Fig. 88.—Delft.
In the decorative work of the Delft potters it seems to me the things to desire are the fine plates and dishes painted, as many of them are, with luminous blues almost equal to the celestial blues of China, such as we see in Fig. 88; and the vases, the flagons, the cups and mugs, in every style and shape; the same things in polychrome, with those bold groups of flowers, equal in their way to the work of the Orientals. Besides, there are the figures of peasants, etc.; also their cows and horses, which have a quaint interest not easily explained.
The Dutch potters ran into many things, such as small foot-stoves, barbers’ basins, casters, salt-cellars, etc. About much of the good delft is that same quaint, countrified beauty of which I have spoken. It is good, because it is real and native to the people and its painters. When they left this and went to imitating the Chinese and the Japanese, their work seems to me almost worthless; because it was an imitation, and it was inferior.

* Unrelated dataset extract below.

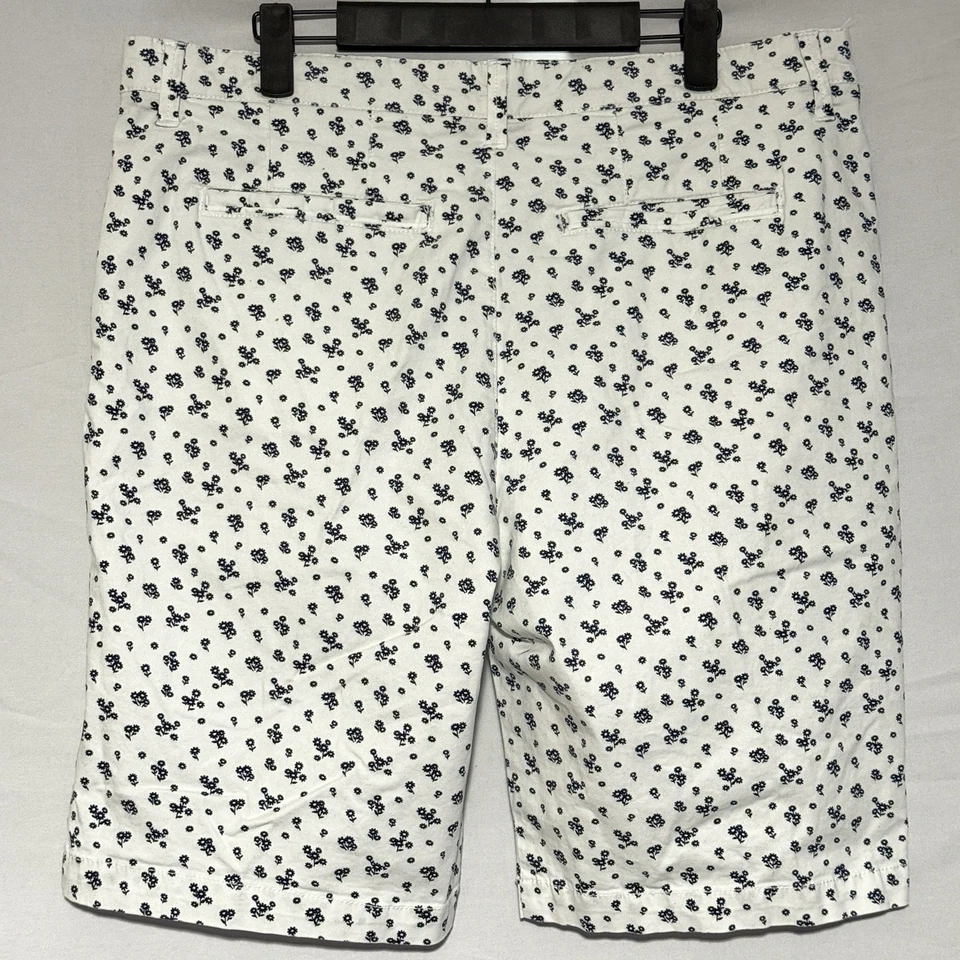 Pantalones Cortos Chinos Hudson & Barrow Para Hombre Cintura 33 Blanco con Patrón Floral Azul Marino Foto 2 de 4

In one of the largest workshops, or fabriques, a custom prevailed that one should read portions of the Bible, which all might hear and all might discuss. This was a time when religious heat was fervent; when the great questions of church direction and free thought were rife; when Catholic and Protestant often went from the assault of the tongue to that with the arquebuse. This practice no doubt made good Protestants, but also without doubt poor potters.
The most curious pieces of delft known are four violins, still extant, very carefully made and very carefully painted. One is (or was) in the museum at Rouen, one at the Conservatoire at Paris, the third in the collection of M. Demmin, and the fourth in a private collection at Utrecht. The story still lives that these four violins were made by the master-modelers for marriage-gifts to the four daughters of the master of the fabrique, about to marry four young potters; and that the music for the dance was drawn from them. It was a pretty conceit.
Some elaborate dinner-services were made at Delft, which required much skill and much work. The covers of the dishes were modeled in the likeness of birds or fish, indicating whatever was to be served in them; these were painted carefully to imitate Nature, so that the guest, in seeing the table, would know if it were a turkey, a pheasant, a ptarmigan—whatever luxury had been provided for his delectation.
Tea-Services.—It is possible there are persons who believe that tea has always been known, and that the lovely tea-services out of which, we sometimes drink it have existed from the time of Noah and the Deluge; not so.
Pepys, in his “Diary,” speaks of it in 1661 as “a China drink of which I had never drunk before.” And at that time it sold in England at fifty or sixty shillings a pound—an enormous price.
Tea and coffee pots were first brought to Holland from China, and do not appear earlier than about 1700; so that those which came over in the Mayflower and the Half-Moon and the Ark must have been made by Elder Brewster and Henry Hudson and Leonard Calvert from the “depths of their moral consciousness.”